County Manager Chris Coudriet approved the decision to vaccinate and when asked if the county commissioners were somehow exempt from the state guidelines that dictate who should receive the vaccine first, Loeper clarified they were not.
“They are not exempt, but because of their important role in securing the health and safety of the county’s residents and the need to ensure continuity of governance for the county—they were extended the offer to be vaccinated when additional doses were remaining at the end of the day,” she said.
Chairwoman Julia Olson-Boseman explained her decision to get the vaccine.
“Commissioners are leaders in this community, elected by our constituents to govern New Hanover County, and we were each vaccinated in our public duty capacity and not as private citizens. I certainly want to keep each person on the board as safe as possible, as they are asked to meet in person as a group and go out in the community to do the job the people elected us to do. The county is the lead entity in local vaccination efforts and it’s imperative that our board is healthy so we can make decisions and continue governing to keep our entire community healthy and safe. Those crucial decisions and actions are made as a full board, and not as individuals, so I believe it’s important for the full board, and not just a subset of the board, to be healthy and well,” she said.

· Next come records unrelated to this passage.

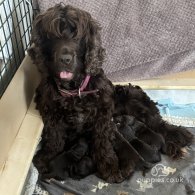 Cockapoo - Both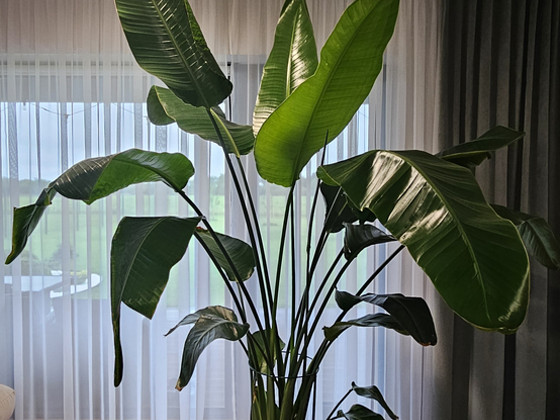 Strelitzia Nicolai potitaim 230 cm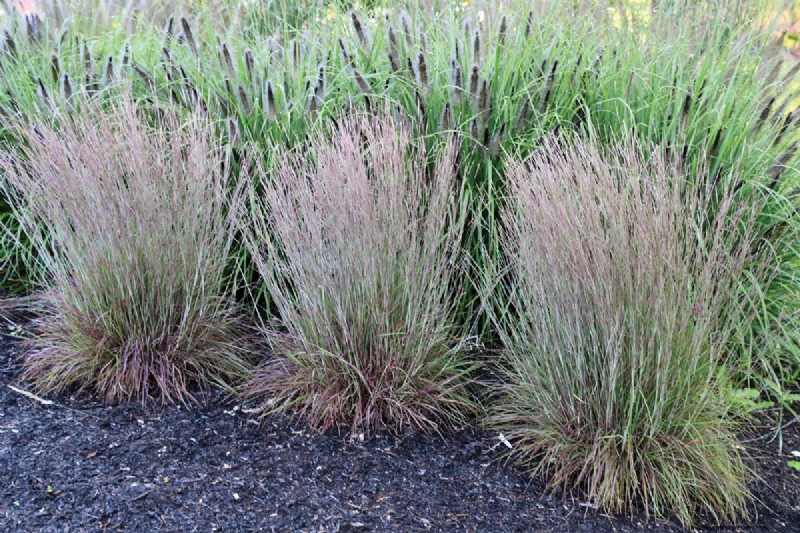 Piante di facile manutenzione per [la tua regione]:giardini rigogliosi con il minimo sforzo 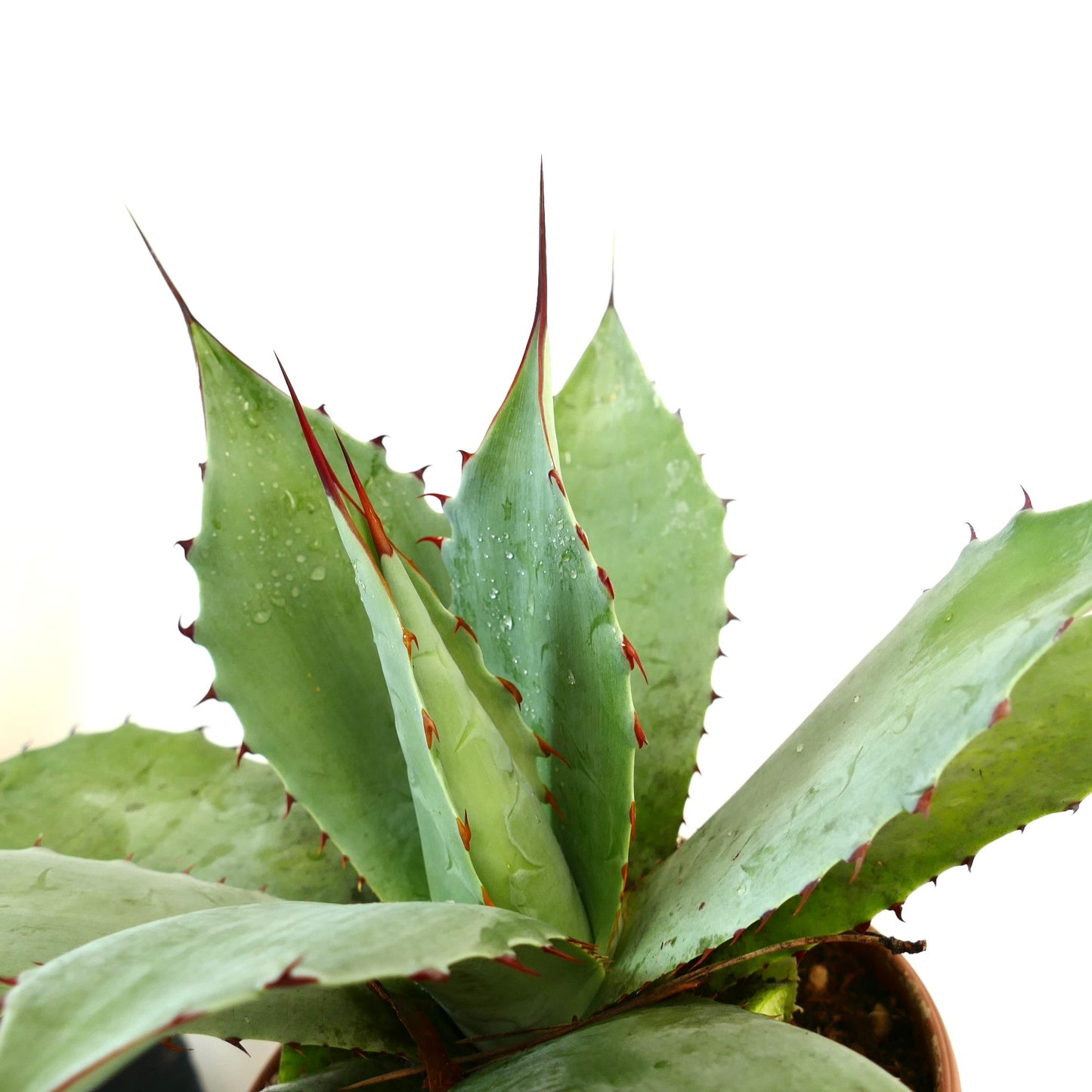 Agave parrasana X Agave ovatifolia GREEN-BLU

“When budget amendments are needed to pay for our COVID-19 response or for vaccination efforts across the community, that is a full board decision. Or when actions are taken to ensure vaccines reach historically marginalized communities or vaccines are transferred to local partners, those are done under the oversight of the full board. Those decisions are incredibly important, and they require our full board to be involved. So when the vaccine was offered to us, we each were willing and eager to be vaccinated.”
County commissioners are not the only ones who have received the vaccine outside of their designated group, law enforcement members have also been vaccinated.
“There have been some law enforcement officers who received the vaccine ahead of their assigned group, because they were at a location when several doses were left from a vaccination site. Again, Public Health works to get those vaccines into the arms of people who are eligible, but there are times when a few doses are left over and the best and most efficient course of action is to provide them to people who are readily available and willing to receive the vaccine. We do not want a single dose to go to waste. In addition, Public Health vaccinated several law enforcement who supported security at the Presidential Inauguration,” Loeper said.
WECT reached out to county managers and public health officials in our four neighboring counties.
We’ve received word from officials in Brunswick, Columbus and Pender counties who say there have been no known instances of any elected officials receiving vaccines outside of those who qualify because of their age. We have not yet heard back from Bladen County.